TASK BRIEF: Begin the copy at the line containing "6 Elements of PBSE" and end it at the final line of the material below, reproducing each line exactly, without images.

DATA SECTION:
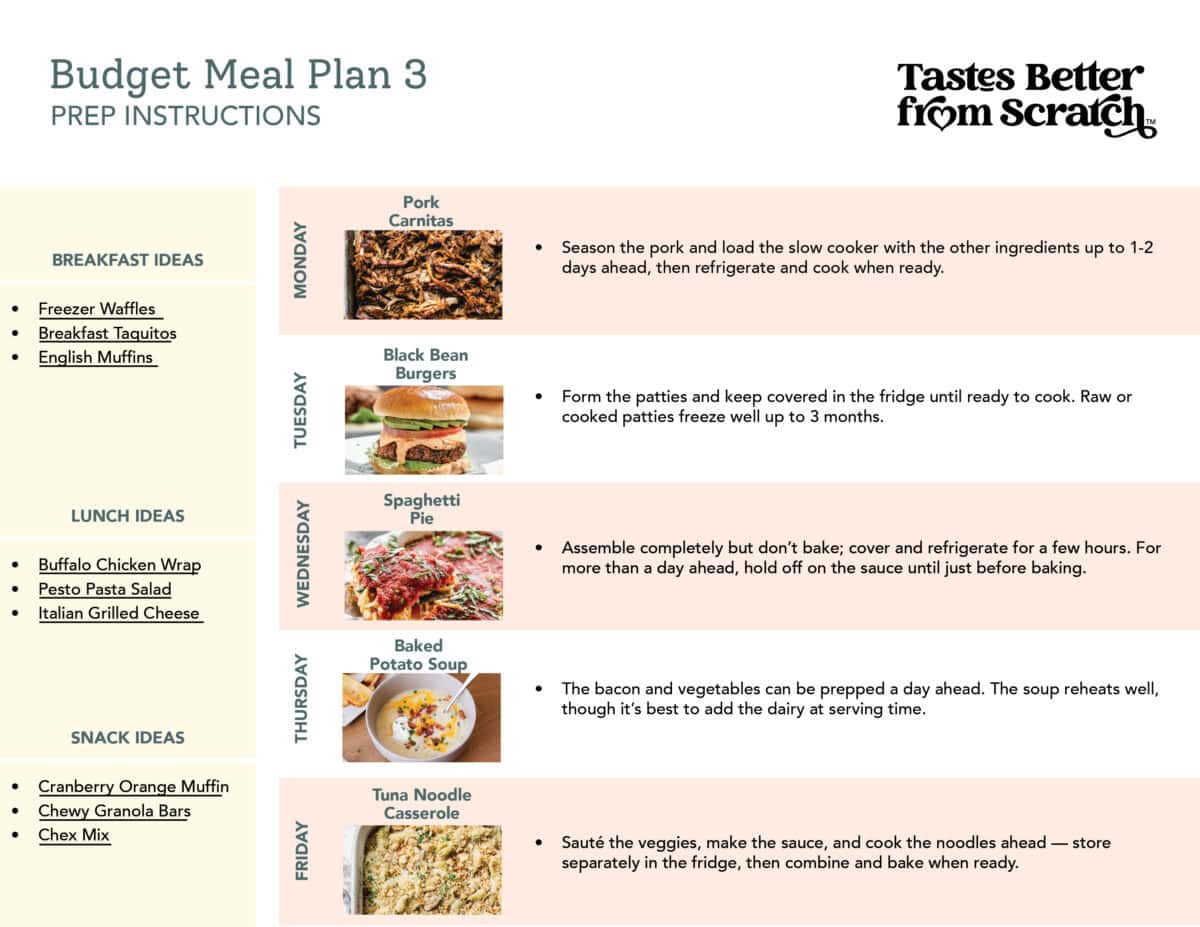 Prep ahead instructions from budget meal plan 3.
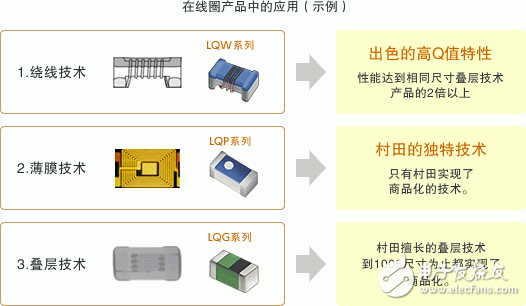 村田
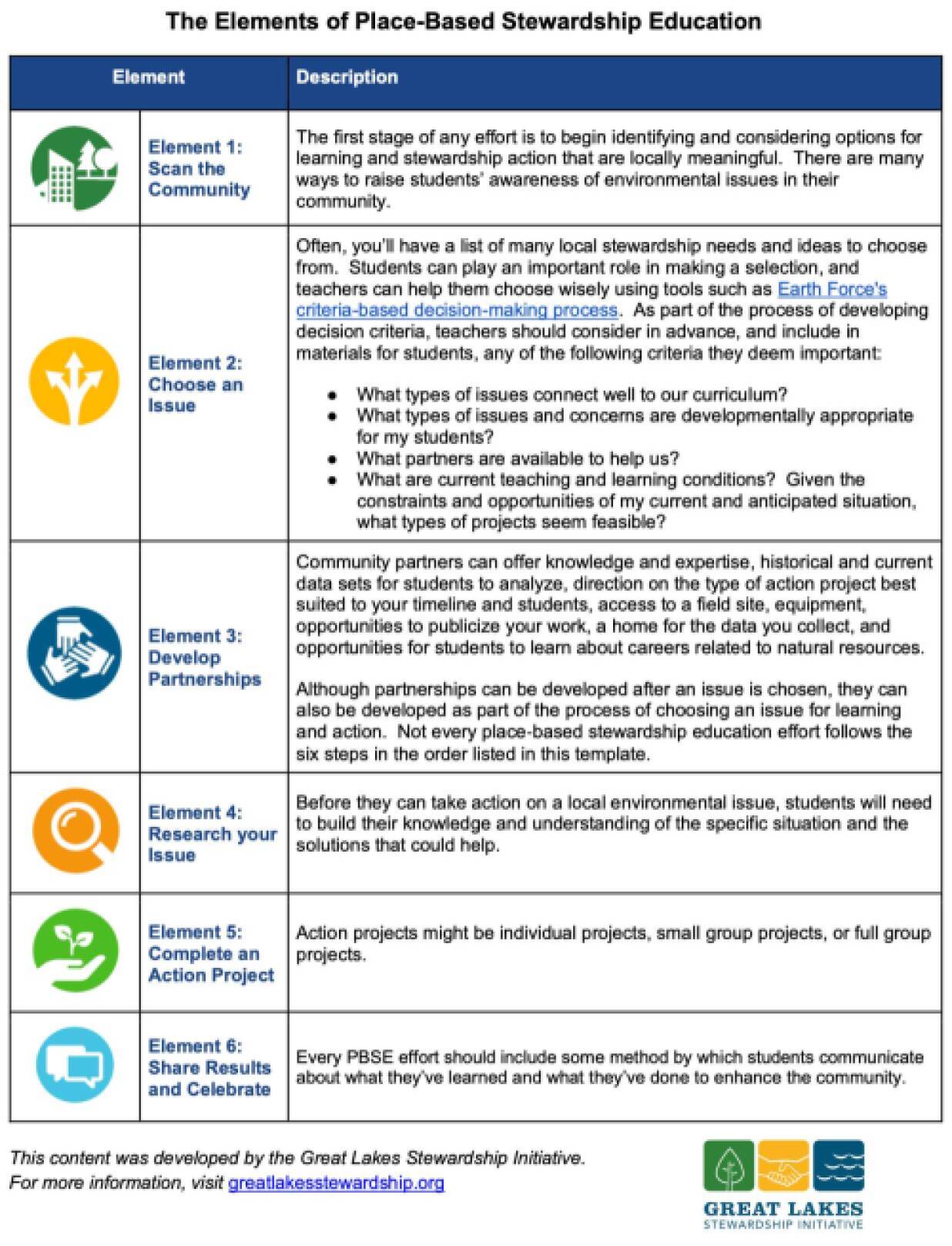 6 Elements of PBSE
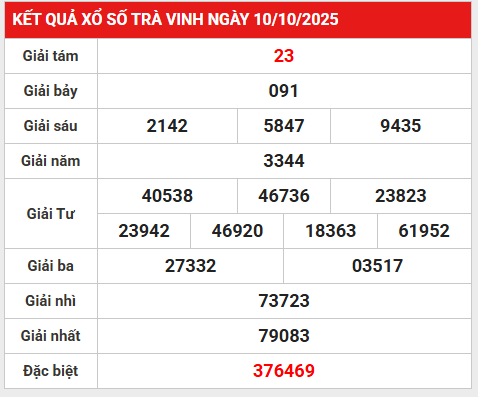 Dự đoán XSTV ngày 17/10/2025 hôm nay chuẩn xác 100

RESPONSE:
 6 Elements of PBSE
 Dự đoán XSTV ngày 17/10/2025 hôm nay chuẩn xác 100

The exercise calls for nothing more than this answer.